Итак вся наша семья занимала теперь одну небольшую комнату, и в этой непривычной тесноте создавалась неповторимая атмосфера близости и даже какого‑то своеобразного домашнего уюта.

Мы жили в большом» казенном» доме, который ташкентские власти отдали на время эвакуации ученым. Среди них были историки Виппер и Струве, академики Ушаков и Каблуков, писатели Александр Дейч и известный экономист Левина, и многие другие виднейшие деятели науки и культуры. Жизнь их протекала в привычных для войны заботах и тихом кабинетном труде.

И поэтому наша комната, куда непрерывно приходили люди, где жизнь начиналась только после двенадцати ночи, когда папа возвращался из театра, вызывала у благочестивых академиков жгучий интерес. «Они заглядывают к нам как в грех», — любил говорить отец.

А у нас и впрямь, как у грешников в аду, вечно шипела на плитке раскаленная сковорода, на которой в немыслимой вони кунжутного масла. жарилась картошка. Ни такой жуткой картошки, ни такого растения — кунжут, ни такого черного масла, я никогда больше не встречала.

После целого дня напряженной и утомительной работы, отец возвращался домой в неизменном сопровождении кучки голодных и веселых друзей, и начинался пир, длившийся до трех — четырех утра. И хотя картошка была несъедобна, комнату наполнял чад, сквозь который едва пробивался слабый свет лампочки, а в углу спали Варька с Титасей, до чего же было вкусно и хорошо!

Усталость и напряжение, в которых проходил день, требовали разрядки. И тут начинались игры.

Как‑то вечером отец вернулся домой вместе с Абдуловым, прекрасным актером Театра Революции. Оба были чрезвычайно оживлены объявлением, прочитанным только что на соседней двери: «Я, единственная женщина — член — корреспондент Академии наук СССР Фолкнер — Смит, требую, чтобы в часы отдыха никто не нарушал мой покой». В середине ужина отец неожиданно взобрался на стремянку, забытую каким‑то рабочим, и с этой импровизированной трибуны произнес очень лихую речь. Абдулов, стоя внизу с граненным стаканом с водкой, подавал реплики.

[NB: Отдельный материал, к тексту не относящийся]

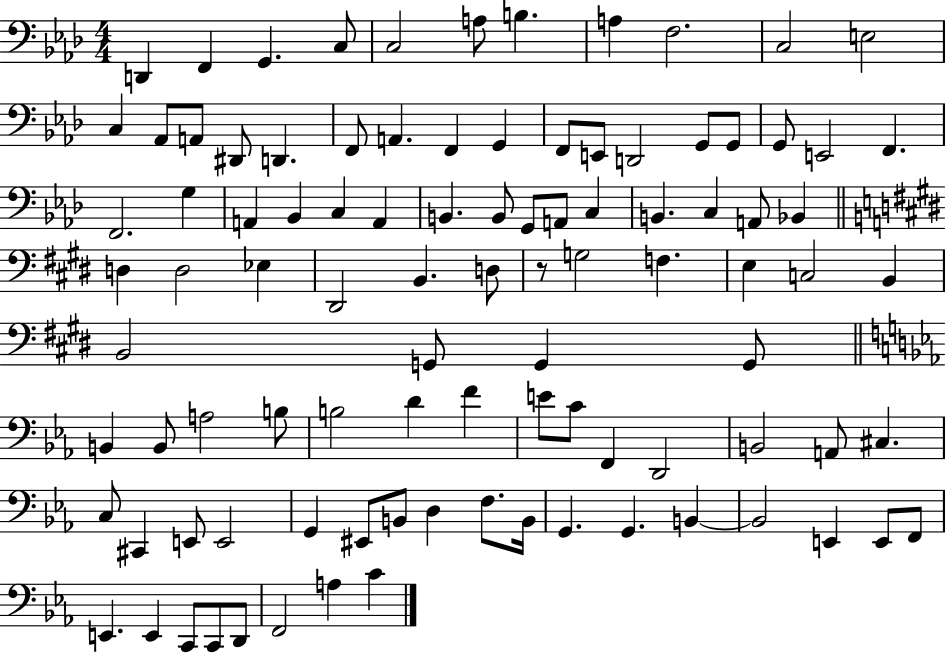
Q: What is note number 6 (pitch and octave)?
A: A3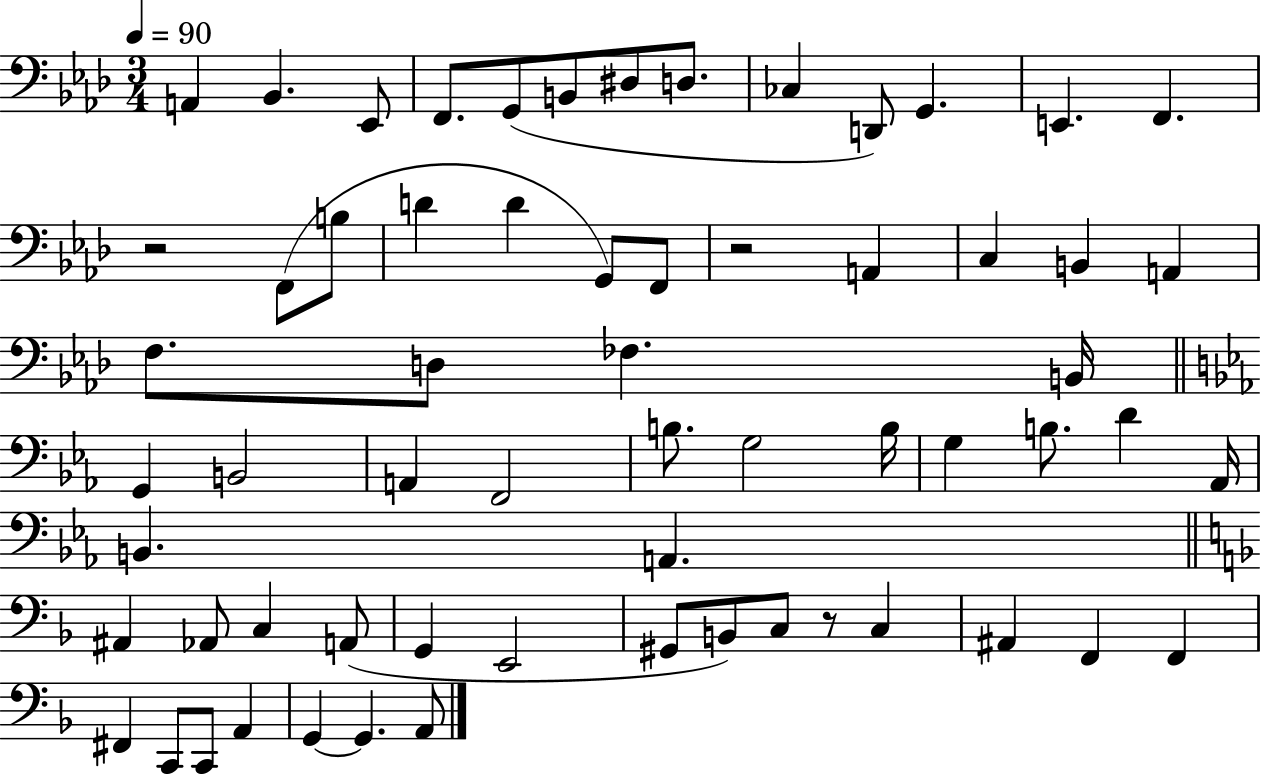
A2/q Bb2/q. Eb2/e F2/e. G2/e B2/e D#3/e D3/e. CES3/q D2/e G2/q. E2/q. F2/q. R/h F2/e B3/e D4/q D4/q G2/e F2/e R/h A2/q C3/q B2/q A2/q F3/e. D3/e FES3/q. B2/s G2/q B2/h A2/q F2/h B3/e. G3/h B3/s G3/q B3/e. D4/q Ab2/s B2/q. A2/q. A#2/q Ab2/e C3/q A2/e G2/q E2/h G#2/e B2/e C3/e R/e C3/q A#2/q F2/q F2/q F#2/q C2/e C2/e A2/q G2/q G2/q. A2/e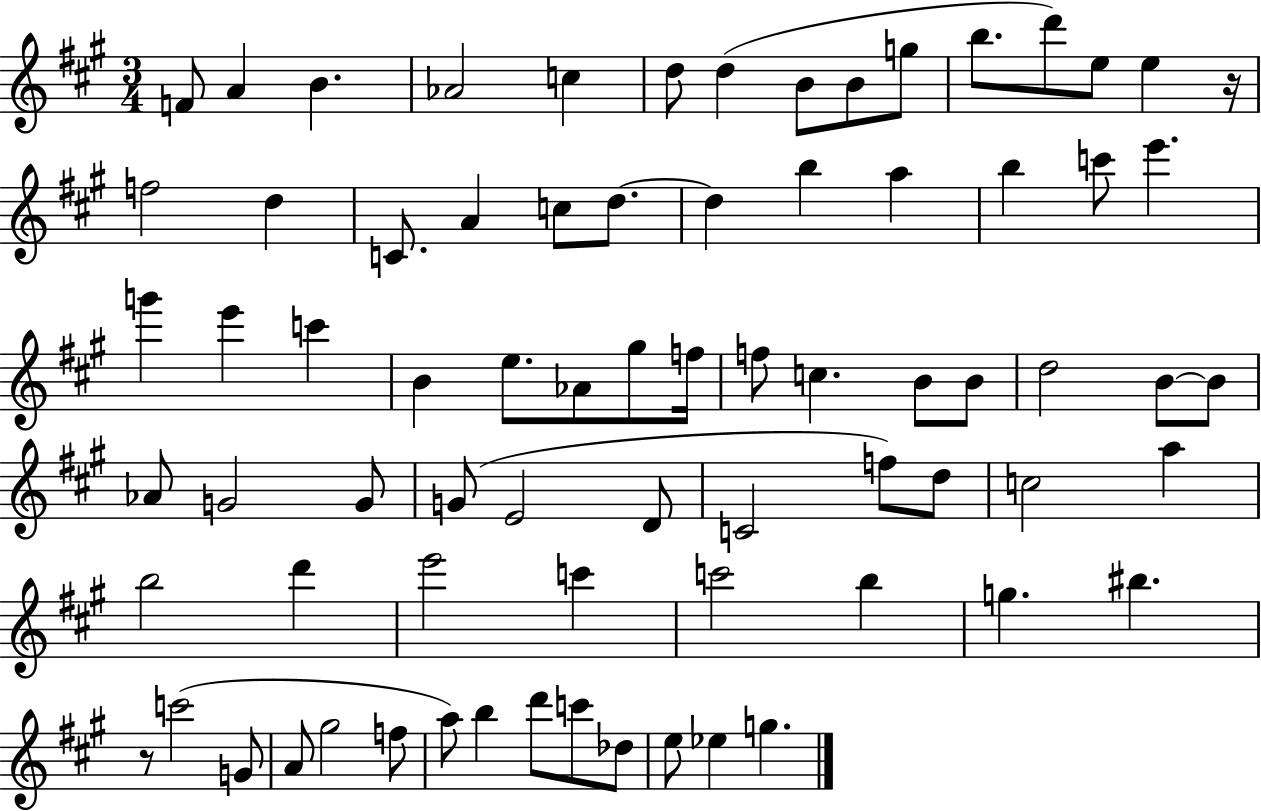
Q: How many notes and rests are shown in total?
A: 75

Понятно, что я не берусь восстановить этот неповторимый диалог, основным мотивом которого было вдохновившее их с Абдуловым сочетание слов» женщина — член». Но это была поистине вдохновенная импровизация! Мы покатывались со смеху, а они невозмутимо продолжали. В конце концов Ася взмолилась, чтобы они замолчали, так как боялась нашим смехом разбудить спящих невинным академическим сном ученых мужей.

Так как в Ташкенте Зускины жили далеко, то отцу явно недоставало партнера. Осип Наумович Абдулов с полным пониманием отнесся к этой слабости Михоэлса и с удовольствием включался в любую игру.

То, повязав щеку платком, он отправлялся с папой к известному пианисту Гольденвейзеру одолжить водки — «может сжалится». То, увидев как‑то в окне старого узбека — ночного сторожа, они пошли договариваться с ним» отправиться вместе в Мекку». Их фантазия и изобретательность были неисчерпаемы, и каждый день Михоэлс с Абдуловым придумывали что‑то новое.

И хотя война была одинаково для всех тяжелым, голодным и страшным временем, Михоэлс умел совершенно сознательно» впасть в беспечность» и заразить нас. А я на опыте всей дальнейшей жизни убедилась, что в те минуты, когда от нас уже ничего не зависит и мы не в силах что‑либо изменить, ничто так не спасает, как легкомыслие. Впрочем, папе игры были необходимы, в первую очередь, как разрядка при той ответственности и нагрузке, которую он взял на себя.

Однажды мы попытались сосчитать, сколько у него должностей. Папа, вооружившись карандашом и бумагой, записывал под диктовку: 1) Руководитель Государственного Еврейского Театра; 2) Художественный руководитель Узбекского Оперного театра; 3) Председатель Еврейского Антифашистского комитета; 4) Член театральной секции Комитета по Сталинским премиям; 5) Профессор, педагог театральной студии; 6) Режиссер — постановщик Узбекского драматического театра и так далее. Мне трудно восстановить сейчас в памяти полный список папиных официальных ролей, но, добавив к этому» муж», «отец» и»брат» — должности, к которым отец относился с неменьшей ответственностью, — получалось что‑то около двадцати.

Если учесть, что жара стояла изнурительная, транспорт в пору войны работал с серьезными перебоями, а расстояния, которые приходилось Михоэлсу преодолевать, разрываясь между репетициями, заседаниями, комиссиями и спектаклями, были огромными, просто непонятно, как он вообще что‑то успевал.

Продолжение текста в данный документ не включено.